Note
Access to this page requires authorization. You can try signing in or changing directories.
Access to this page requires authorization. You can try changing directories.
Ephemeral NVMe data disks provide high-performance, low-latency storage that's ideal for demanding workloads running on Azure Kubernetes Service (AKS). Many modern applications, such as AI/ML training, data analytics, and high-throughput databases, require fast temporary storage to process large volumes of intermediate data efficiently. By using ephemeral NVMe disks, you can significantly improve application responsiveness and throughput, while optimizing for cost and scalability in your AKS clusters.
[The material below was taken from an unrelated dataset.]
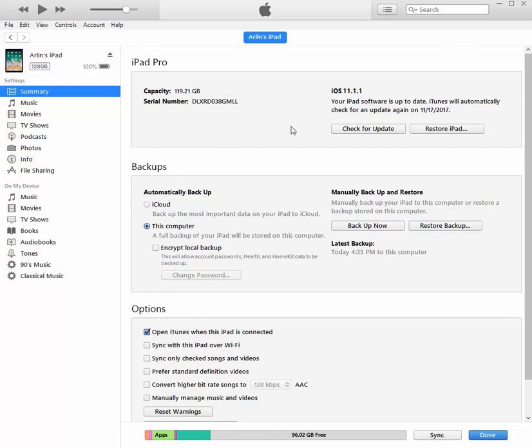And I can check for an update here. If you're still running version 10, you can update it by clicking here. And so now the important thing here is backups.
In contrast to remote disks, whose performance scales with the size of the virtual machine (VM), Ephemeral NVMe disks maintain full performance regardless of vCPU count. This is because they are physically attached to the VM and operate without relying on a remote disk controller. The difference is notable:
- Ultra Disk: Achieving 400,000 IOPS requires a 112-vCPU VM (for example, Standard_E112ibds_v5).
- Local NVMe: An 8-vCPU VM (for example, Standard_L8s_v3) can deliver 400,000 IOPS.
This results in approximately 14 times fewer vCPUs for equivalent IOPS performance, offering a substantial reduction in compute resource requirements.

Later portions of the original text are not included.